----- SUPPLIED DATA
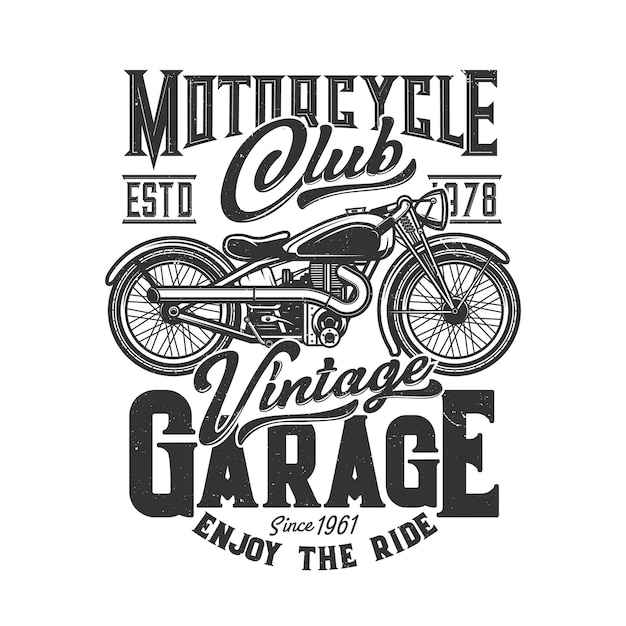 T-shirt print met custom bike retro motorfiets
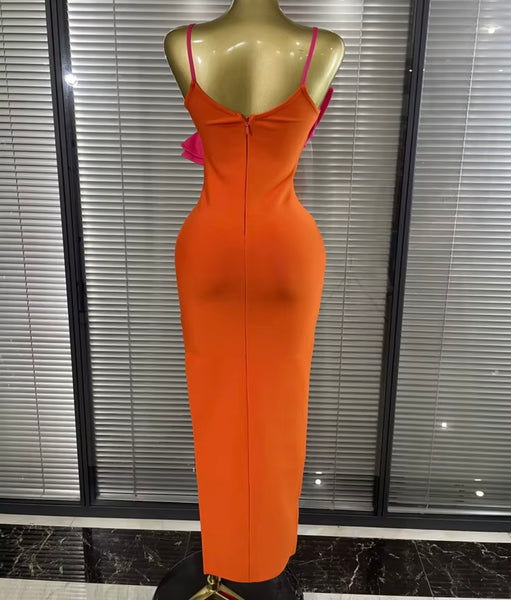 Women Sexy Sleeveless Orange Color Block Ruffle Maxi Dress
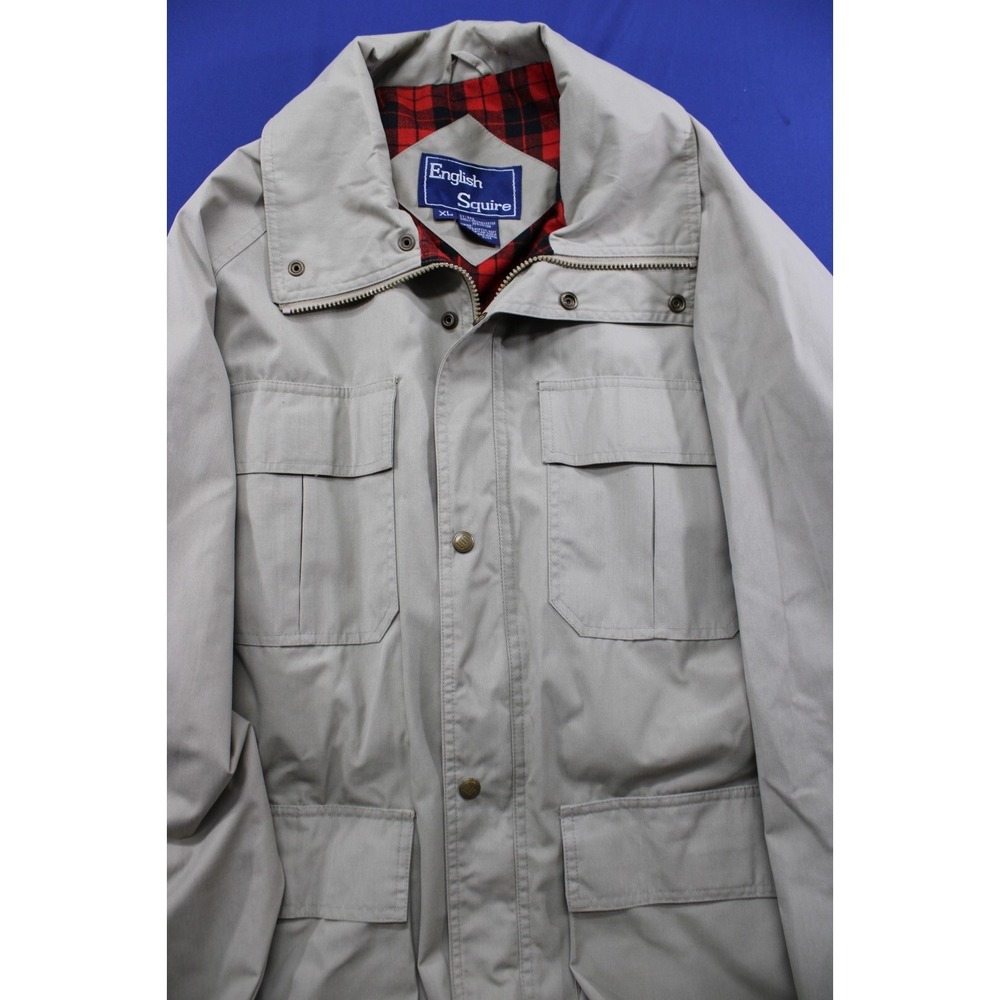 Vintage English Square Polyester Trench Coat Beige Size XL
----------
### REQUIREMENT
Any picture in the listing above gets left out; output the rest exactly.

### YOUR SOLUTION
 T-shirt print met custom bike retro motorfiets
 Women Sexy Sleeveless Orange Color Block Ruffle Maxi Dress
 Vintage English Square Polyester Trench Coat Beige Size XL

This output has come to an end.